IBM has detailed its most significant quantum computing advances to date, revealing new hardware and software designed to push the limits of what today’s superconducting qubits can do. The announcements, made during IBM’s Quantum Developer Conference on November 12, include a new 120-qubit chip, updates to the Qiskit software stack, and a testbed architecture for running quantum error correction in hardware. Together, the new tools represent a serious step forward on the path to fault-tolerant quantum computing.

Nighthawk expands IBM’s hardware

At the center of IBM’s near-term roadmap is the Nighthawk chip, a 120-qubit superconducting processor built to execute deeper circuits more efficiently than its predecessors. The chip moves away from IBM’s earlier “heavy-hex” qubit layout and instead uses a dense square lattice design. Each qubit connects to four neighbors via tunable couplers, for a total of 218 coupler pairs. That marks a 20% increase in inter-qubit connections over IBM’s Heron chip and reduces the number of swap gates needed to implement complex entangling operations.

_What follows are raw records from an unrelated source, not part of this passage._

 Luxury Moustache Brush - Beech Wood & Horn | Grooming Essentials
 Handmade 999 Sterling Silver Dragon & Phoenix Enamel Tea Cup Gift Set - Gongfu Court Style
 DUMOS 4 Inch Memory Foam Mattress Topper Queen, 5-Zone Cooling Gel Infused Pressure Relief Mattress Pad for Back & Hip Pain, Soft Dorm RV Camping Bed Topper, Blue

IBM says this increase in qubit connectivity directly translates into larger algorithmic workloads. According to IBM, Nighthawk will support circuits with 30% greater complexity than Heron while maintaining comparable fidelity. That estimate is based on live metrics from Heron-class machines already deployed in IBM’s quantum cloud, which recently achieved two-qubit gate fidelities above 99.9% for over 50% of the tested pairs. In benchmarking terms, the chip family reached 330,000 circuit layer operations per second (CLOPS), a 65% gain over its 2024 performance. IBM expects similar or better numbers from Nighthawk once it becomes available to the public.

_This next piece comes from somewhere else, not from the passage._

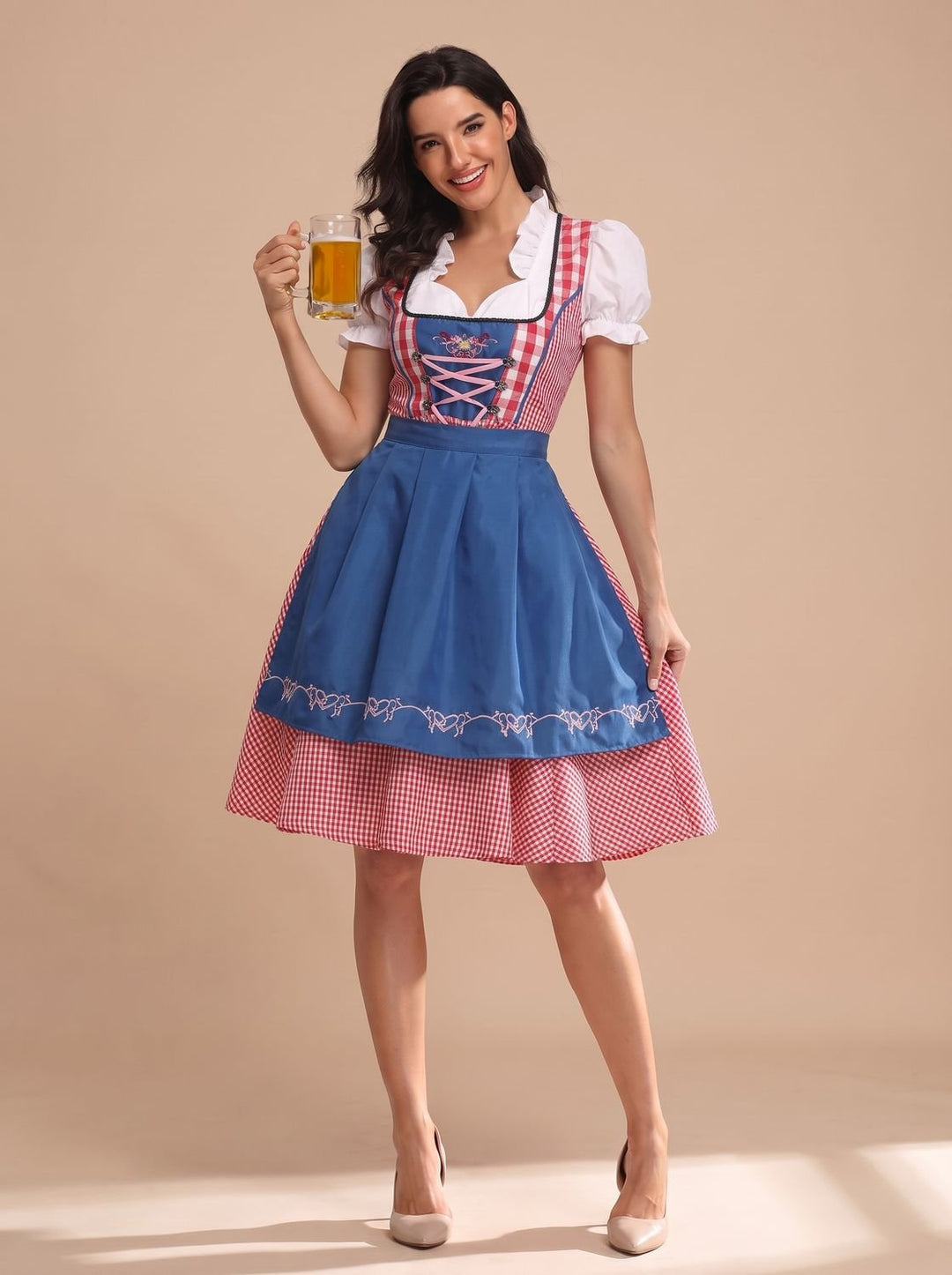 Damen Kariertes Oktoberfest Trachtenkleid mit Schürze und Bluse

The new processor will play a central role in IBM’s campaign to demonstrate a verified quantum advantage, which the company now says it expects to achieve by the end of 2026. To support that claim, it has backed the formation of an open “quantum advantage tracker,” inviting third-party researchers to test candidate workloads against classical baselines. Early example circuits from partners, including Algorithmiq and the Flatiron Institute, have already been submitted, focusing on observable estimation and constrained optimization problems.

IBM’s timeline includes further performance gains beyond the current 5,000-gate target. The company expects iterative improvements to push that figure to 7,500 gates in 2026 and 10,000 by 2027, without increasing qubit count. These are incremental steps, but they align with the broader strategy IBM has laid out for gradually improving fidelity and circuit depth while using real benchmarks to validate progress against classical solvers.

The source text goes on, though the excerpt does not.